Software tuned for multi-core promises big gains in AdvancedTCA system performance

Moore’s Law came into being back in the heyday of processor design. Moore’s Law states that every 18 months, the number of transistors in a given integrated circuit roughly doubles. As transistor geometries shrank and multiplied, computing performance increased at about the same rate. Unfortunately, gone are the days when systems manufacturers could simply ride the continuous performance improvements of the next-generation processor. Shrinking transistor geometries have reached a point of diminishing returns as regards clock rate, somewhat grinding Moore’s Law to a halt. Couple this with rising heat and memory latencies, and the electronics industry has reached a point where it’s imperative to explore new directions in order to kick increasing performance back into gear.

It has been interesting to observe the innovations in processor technologies over the past eight to 10 years. Back in 1999 hope sprang eternal when network processors promised to be the disruptive technology, enabling performance gains never before seen in the industry.
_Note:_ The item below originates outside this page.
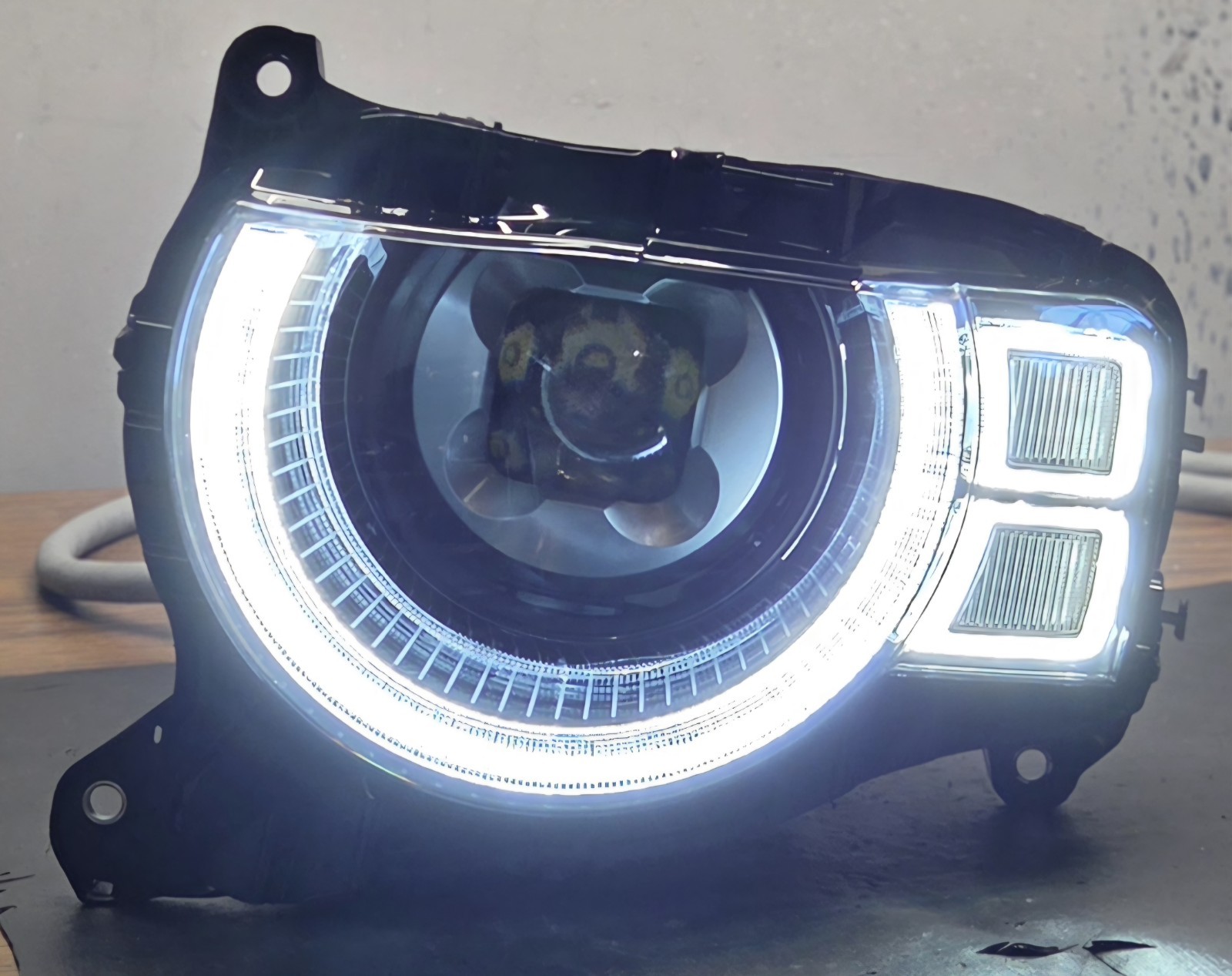 Mint Tested OEM 2020-2025 Land Rover Defender Left Side Matrix LED Headlight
Since that time, a large number of chip manufacturers have dropped their network processor offerings for a variety of reasons. But for those companies, while the formal term “network processor” might no longer be in their product portfolio, the concept lives on in their mainstream offerings. The most notable of these companies is Intel. Intel has largely divested its network processor offering, but its product lines now incorporate multiple cores inside a single chip. Multicore technology provides a theoretical N-times compute power increase, where N is the number of cores inside a specific chip.

For systems companies attempting to take advantage of this technology, it’s not just a matter of lobbing the same old software onto a new multiprocessor platform. That would be like going out and buying the latest professional racing bike and expecting your 13-year-old son to win the 2009 Tour de France! It’s imperative that the software is designed and implemented to take full advantage of the additional compute power of these new multicore processors.
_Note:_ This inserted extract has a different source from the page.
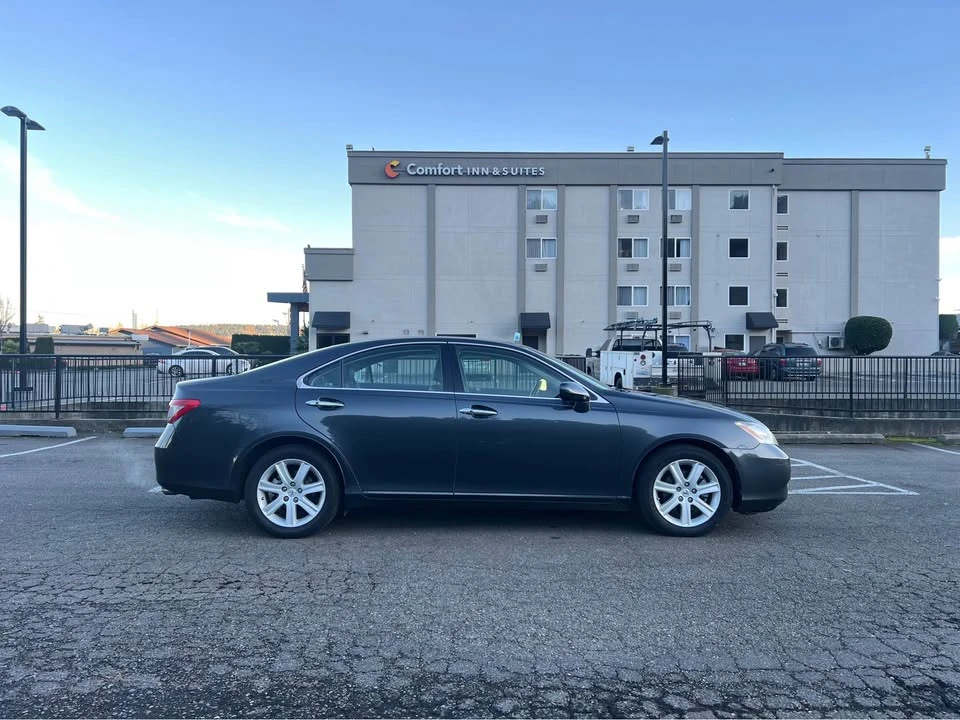 2008 Lexus ES 5th Gen - Image 3 of 14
In this month’s issue of Software Corner, we’ll explore the implica-tions of multicore technology on networking and high availability (also known as HA) software solutions.

Networking – the need for speed

Nowhere is the need for increased performance more evident than in the networking segment of the electronics industry. The Internet has revolutionized how the world lives, learns, works, and interacts. Projections for increased use of multimedia services over the Internet require staggeringly high bandwidth and performance.

Networking systems performance starts with the speed of the baseline operating system, protocol stacks, and high avail-ability middleware. Important performance metrics are measured by the number of connections that can be handled over a given period of time (capacity) or how fast a given connection can push data (speed). I recently got the opportunity to speak with Todd Mersch, Senior Product Line Manager of the Trillium software product line within Continuous Computing. Todd mentions that the Trillium team early on recognized that core software components (like protocols and HA middleware) must be able to fully and efficiently utilize these new multicore processors and platforms in order to “get Moore’s Law going again.”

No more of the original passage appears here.